Friday, December 28, 2012

Another room, another bed...

..Another city. I've slept on at least 50 different surfaces in the past year give or take. I am no longer travelling. I am a gypsy. I carry my life possessions on my back, when I leave them on the ground because they are too heavy to take to the bathroom with me, I realize that I don't care about them anyway so someone could take them, and I would be that much lighter for the next leg of my journey. I've found that I have a fondness for blankets or anything blanket like, my winter coat is quite like a blanket itself. Things that are multi-purpose are absolutely a blessing. I can see elements of Thai massage popping up in my life, although I did have a difficult time in Thailand emotionally, that experience is really paying off.

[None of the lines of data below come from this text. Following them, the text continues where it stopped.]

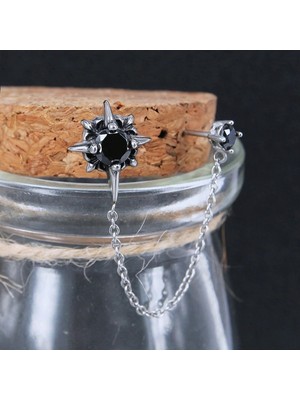 Normadia Dikenli Gotik Çift Zincirli Zirkon Çelik Küpe, Şık ve Modern Takı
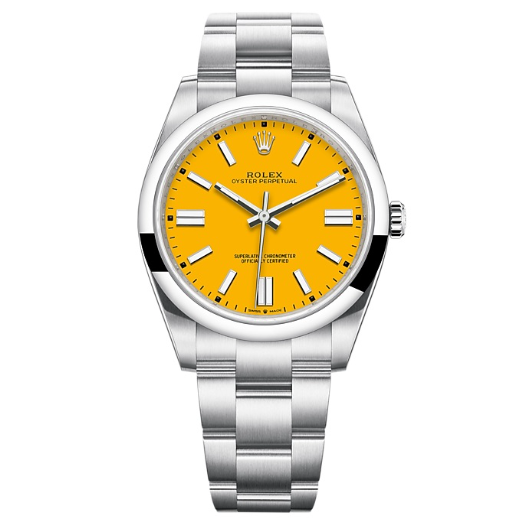 Rolex Oyster Perpetual 41mm M124330 Stainless Steel with Yellow Dial Oystersteel Top Replica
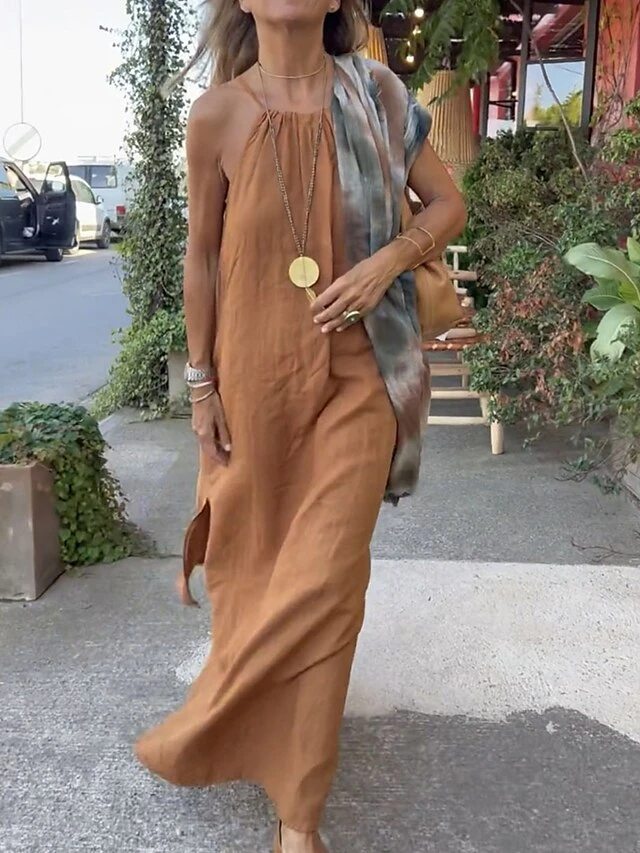 Women's Casual Dress Swing Dress White Dress Long Dress Maxi Dress Cotton Polyester Basic Casual Outdoor Daily Holiday Halter Neck Split Sleeveless Summer Spring 2023 Regular Fit Camel Black White 5 Women's Casual Dress Swing Dress White Dress Long Dress Maxi Dress Cotton Polyester Basic Casual Outdoor Daily Holiday Halter Neck Split Sleeveless Summer Spring 2023 Regular Fit Camel Black White - Image 5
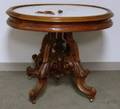 Victorian Renaissance Revival Oval White Marbletop Carved Walnut Center Table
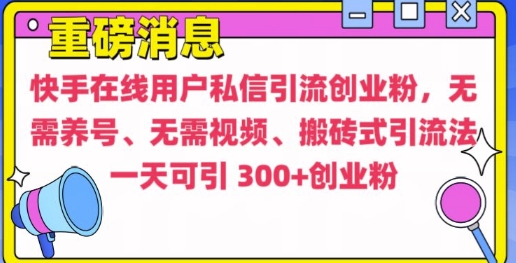 快手最新引流创业粉方法，无需养号、无需视频、搬砖式引流法【揭秘】-悟空云赚AI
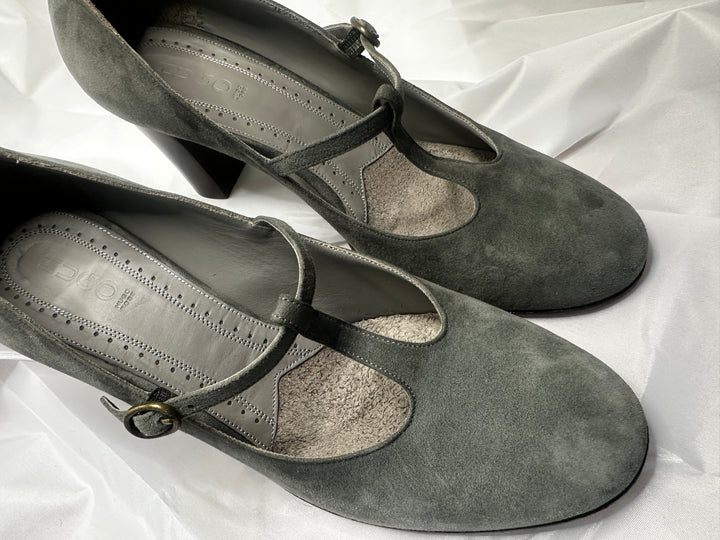 Hugo Boss Taupe Suede Mary Jane Block Heels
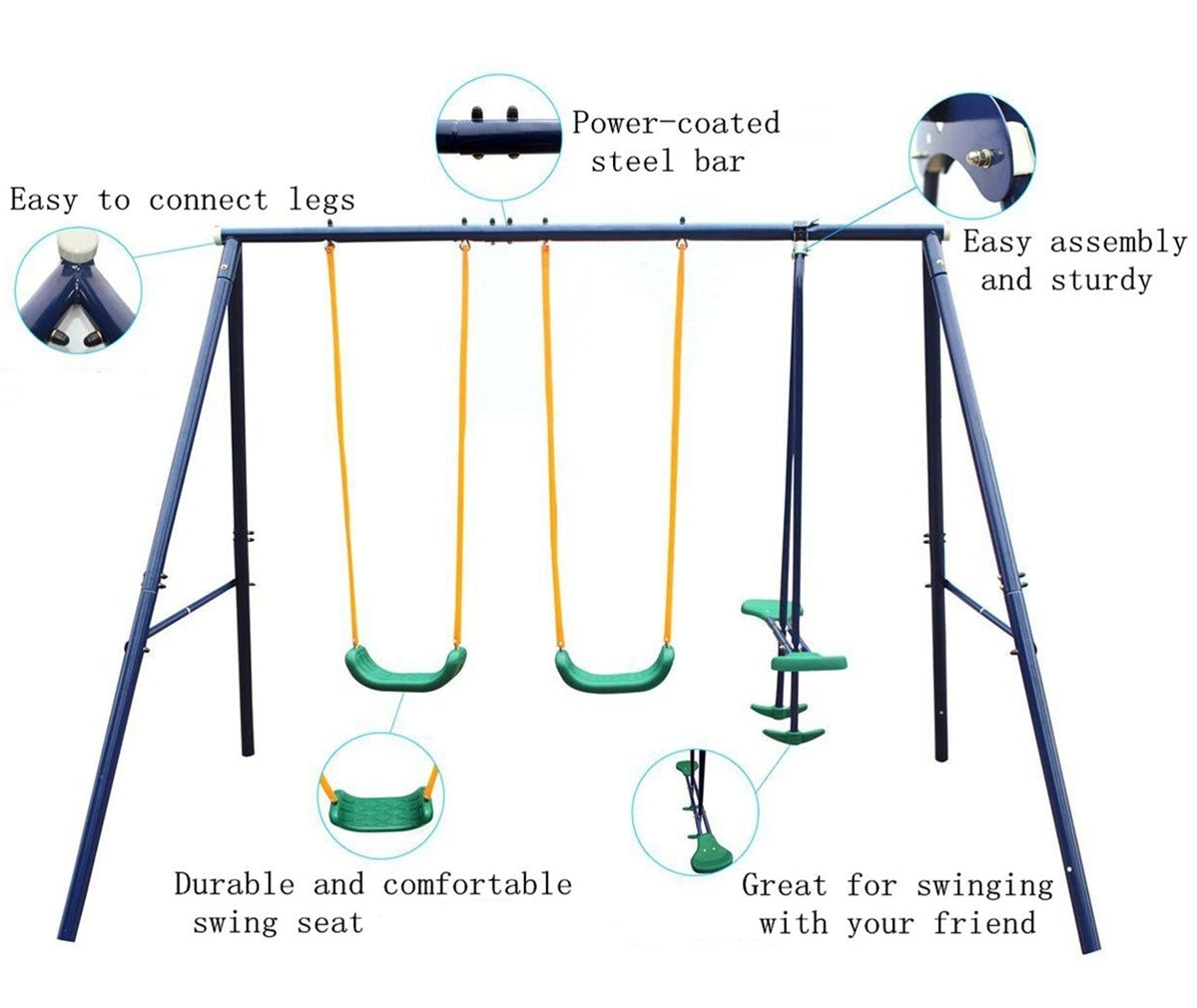 Outdoor Metal Swing Set with Glider for Kids and Toddlers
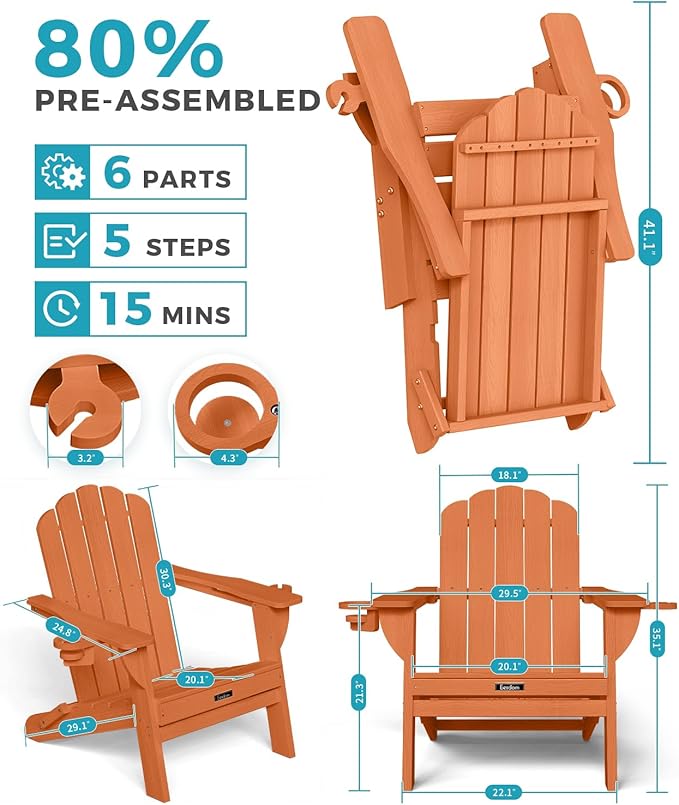 Adirondack Chairs Set of 6, Fire Pit Chairs, Wood Texture Patio Chairs with 2 Cup Holder, Outdoor Lawn Chair, Orange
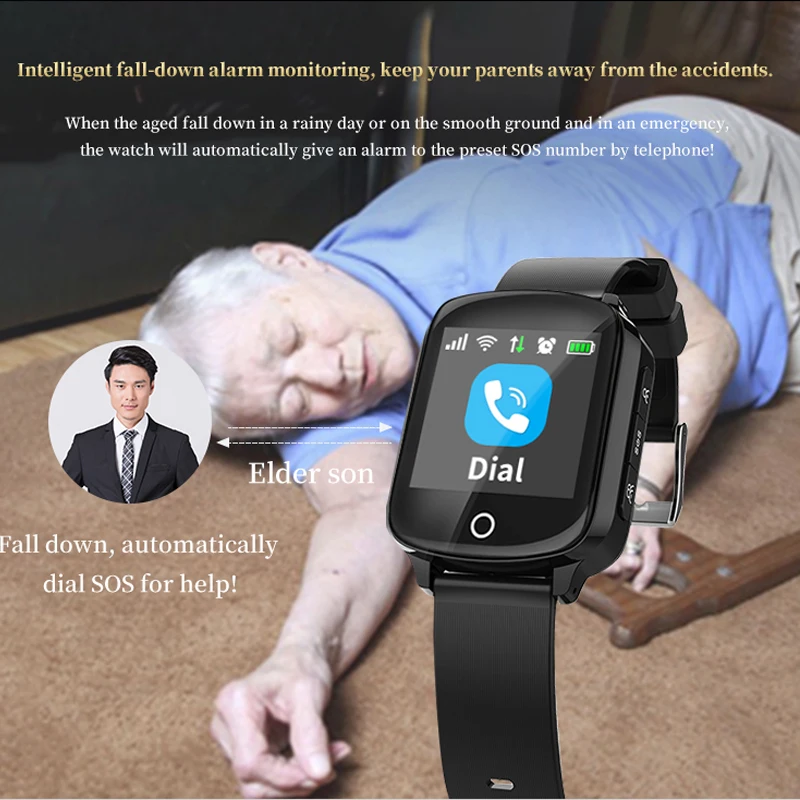 Умные часы D100 D200 для пожилых людей gps + LBS Wi Fi позициоСмарт родителей один ключ SOS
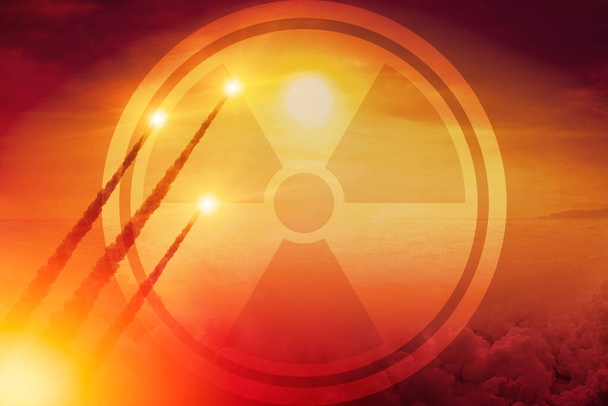 Nukleáris háború rakéta ebéd nukleáris támadás világháború koncepció háttér - Fotó, kép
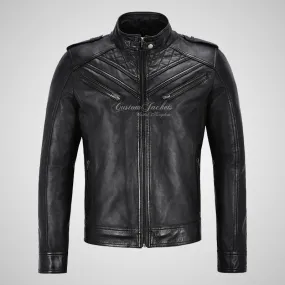 ROLF Mens Biker Style Leather Jacket Soft Lamb Napa Leather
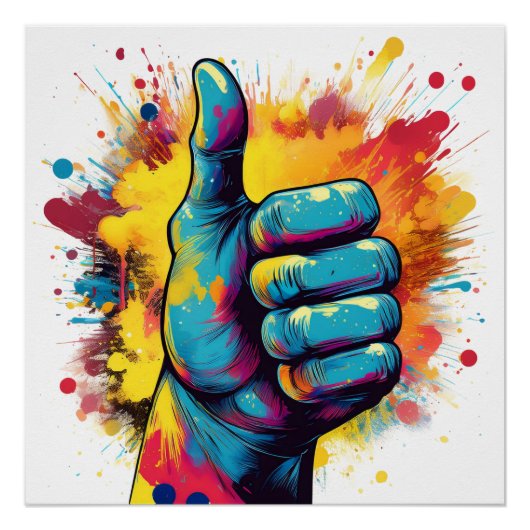 Thumbs Up Explosion - Vetgedrukte en speelse Pop A Perfect Poster (Voorkant)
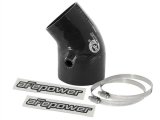 aFe Tubing Couplers 59-00105 Couplers, 40 degree Elbow, Silicone, Black, 3.25 in. Inlet/2.81 in. Outlet Diameter, 1/2 in. Port On the Middle of the Side, Each thumbnail 1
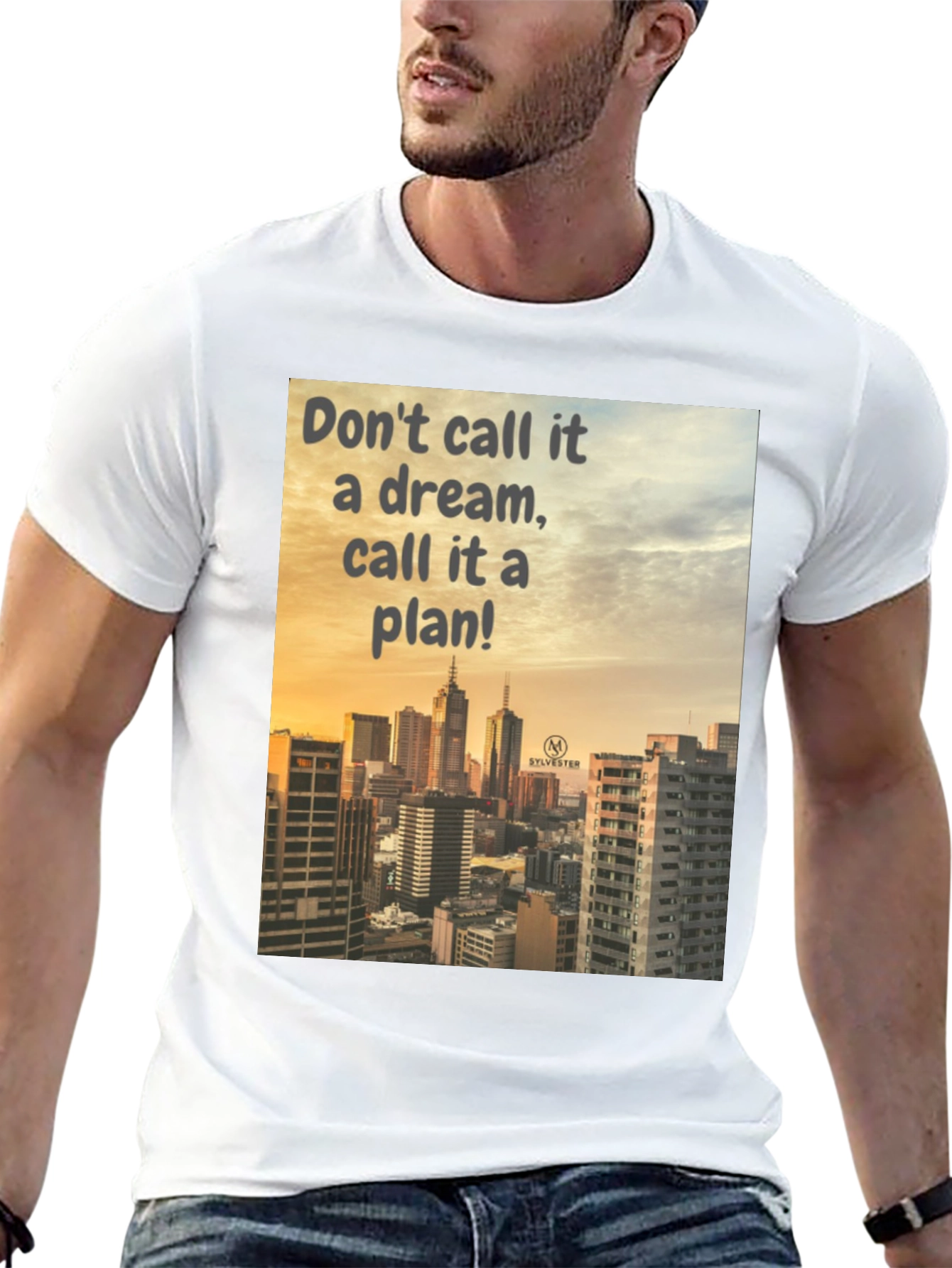 Black Dream to Plan Black T-Shirt: Cityscape Motivation view 13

Things happen, at times they're really hard. Sometimes I've felt the most angry, scared, furious, humiliated, lonely, flipping high on life. All when I'm travelling. I'm addicted. It makes me feel ALIVE. I just want to transmit this feeling through my words, through my music, through my eyes. And I can. And I do. I have these insane, intense, overwhelming, beautiful connections with people that are from different places, live in a variety of locations. I miss them, but I appreciate their visit in my world, their gorgeous spirit that played with, danced with, dreamed with mine, intertwined...making....love. Not sex. Beautiful, passionate, intense, melding of spirits to create a baby of pure joy.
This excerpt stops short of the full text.